• _EXERCISE REQUIREMENTS_: Quote exactly, and only, the lines of the material below from the line with "Dried-up salt puddle in late summer" through the line with "紅龍10大品牌中哪個最知名，紅龍品牌在10大知名汽車品牌中占據重要地位 龍魚百科 第3張".

• _DATA TO EXAMINE_:
········

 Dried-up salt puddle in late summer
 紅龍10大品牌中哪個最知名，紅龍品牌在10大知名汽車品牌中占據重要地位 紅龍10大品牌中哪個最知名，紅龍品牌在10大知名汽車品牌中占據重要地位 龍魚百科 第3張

········

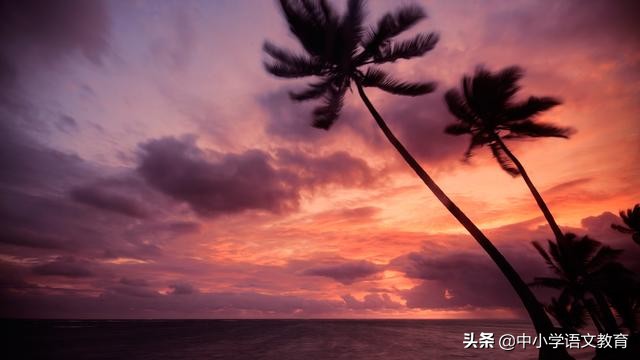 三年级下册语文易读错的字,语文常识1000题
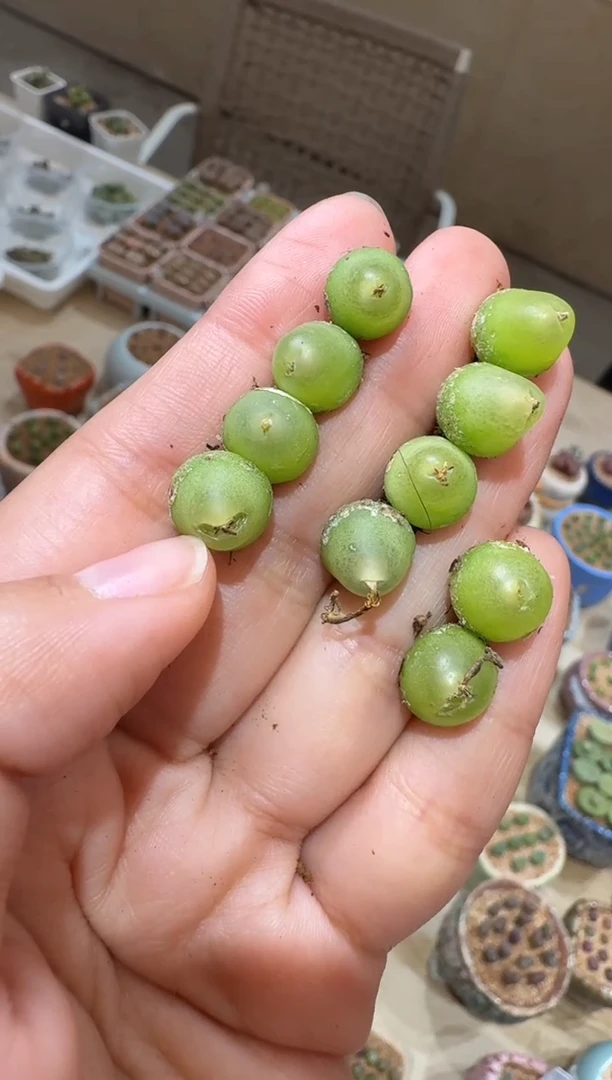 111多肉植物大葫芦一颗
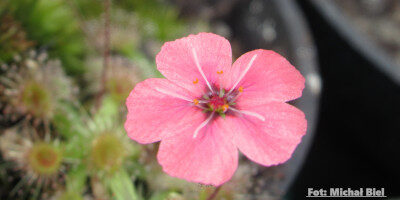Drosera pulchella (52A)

········

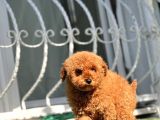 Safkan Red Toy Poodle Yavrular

········

• _SOLVED PROBLEM_:
 Dried-up salt puddle in late summer
 紅龍10大品牌中哪個最知名，紅龍品牌在10大知名汽車品牌中占據重要地位 紅龍10大品牌中哪個最知名，紅龍品牌在10大知名汽車品牌中占據重要地位 龍魚百科 第3張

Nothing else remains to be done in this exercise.